What this task involves ::
Retype each record exactly; no pictures.
Segment Start: Available data
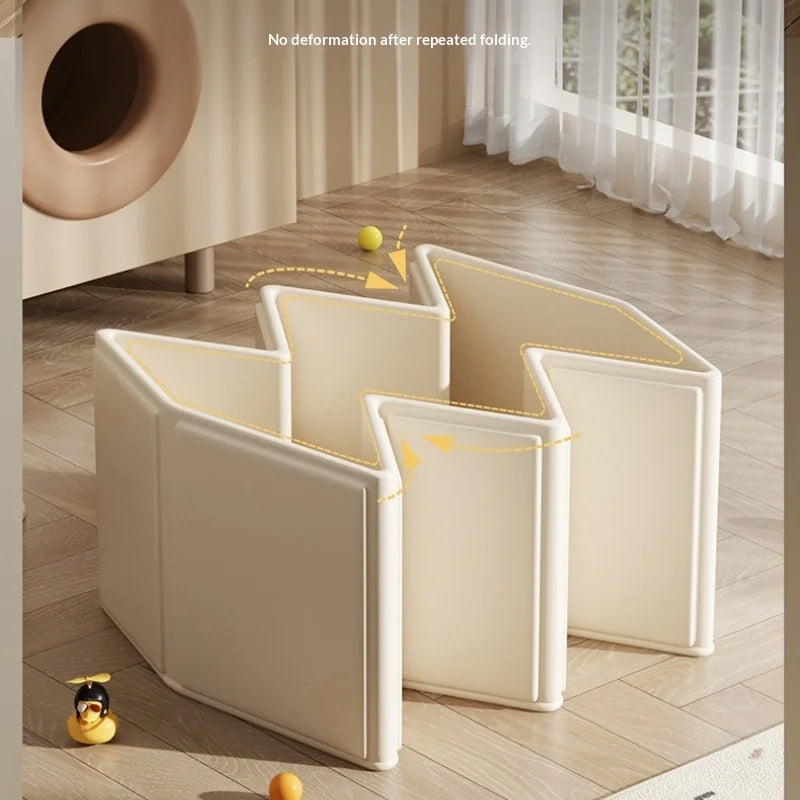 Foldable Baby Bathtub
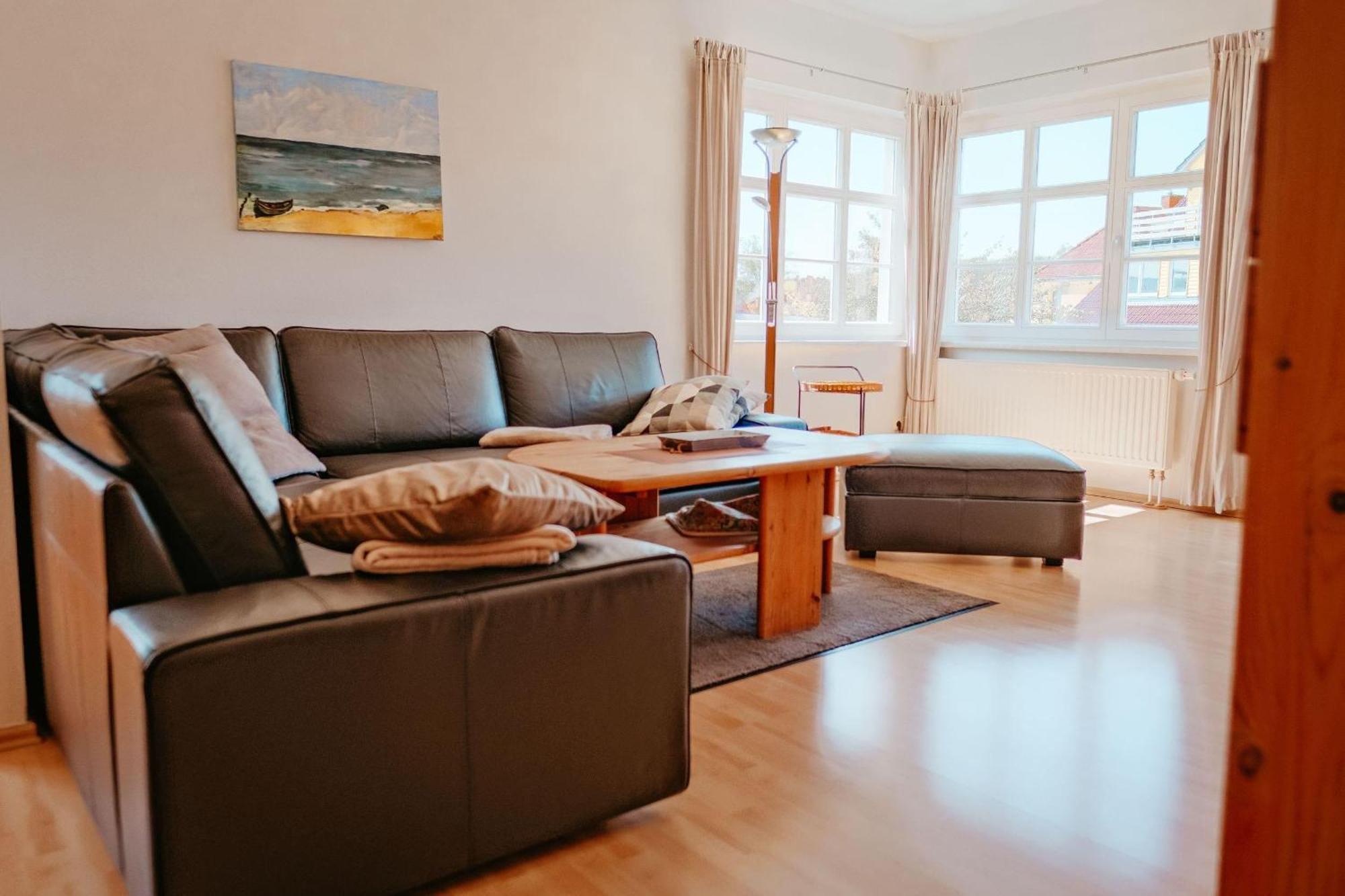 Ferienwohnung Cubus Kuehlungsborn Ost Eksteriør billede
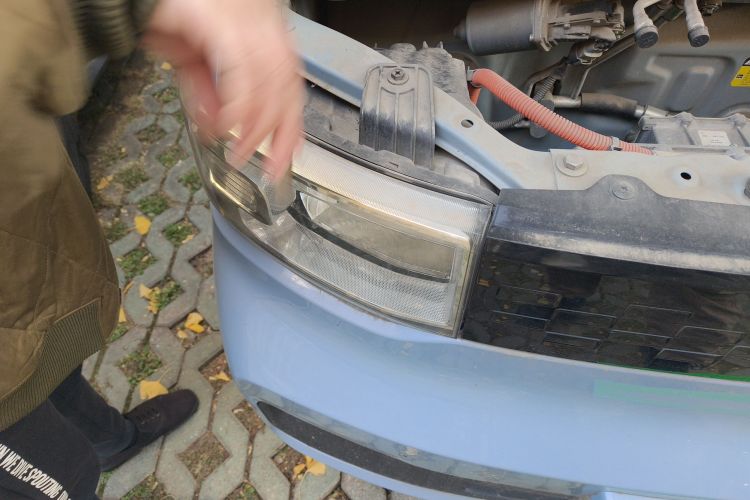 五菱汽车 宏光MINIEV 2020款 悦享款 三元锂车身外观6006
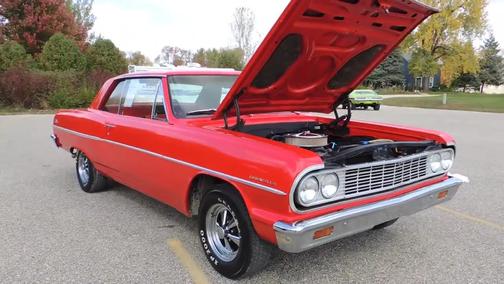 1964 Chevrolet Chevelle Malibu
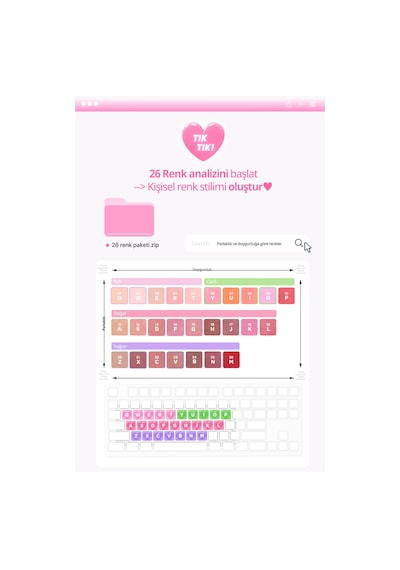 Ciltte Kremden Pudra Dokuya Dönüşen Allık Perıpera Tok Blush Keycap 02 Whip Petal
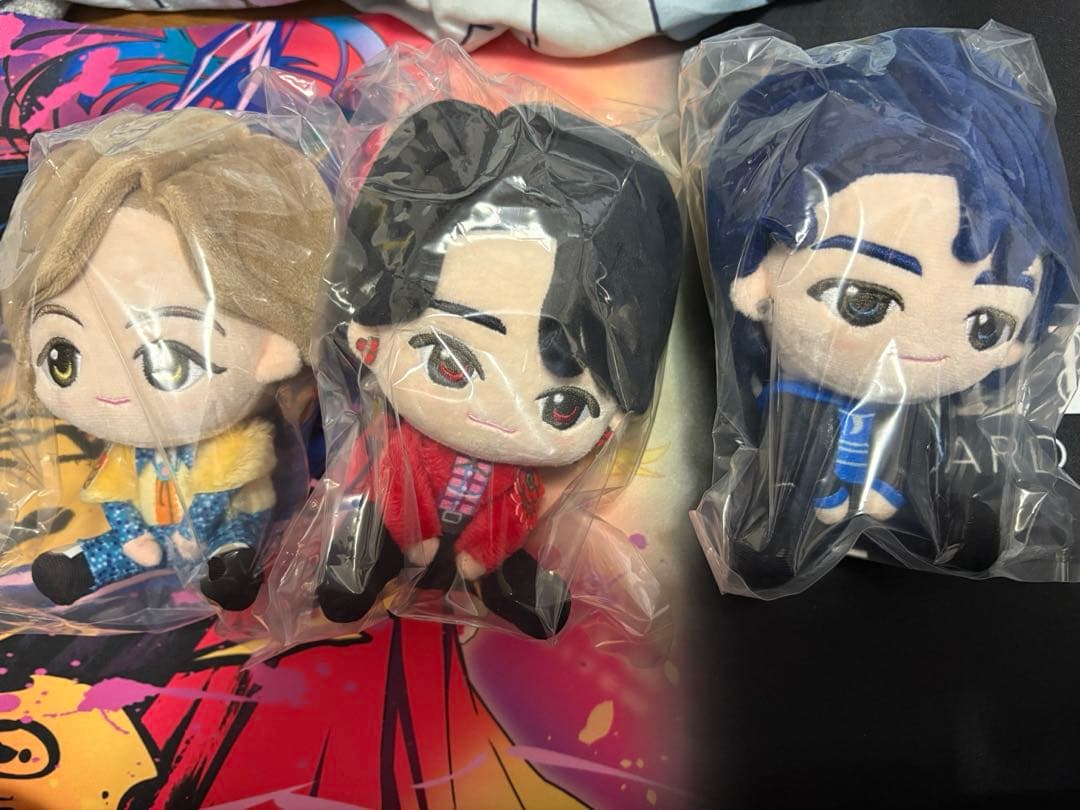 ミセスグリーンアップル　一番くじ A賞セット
Segment End: Available data
Task answer ::
 Foldable Baby Bathtub
 Ferienwohnung Cubus Kuehlungsborn Ost Eksteriør billede
 五菱汽车 宏光MINIEV 2020款 悦享款 三元锂车身外观6006
 1964 Chevrolet Chevelle Malibu
 Ciltte Kremden Pudra Dokuya Dönüşen Allık Perıpera Tok Blush Keycap 02 Whip Petal
 ミセスグリーンアップル　一番くじ A賞セット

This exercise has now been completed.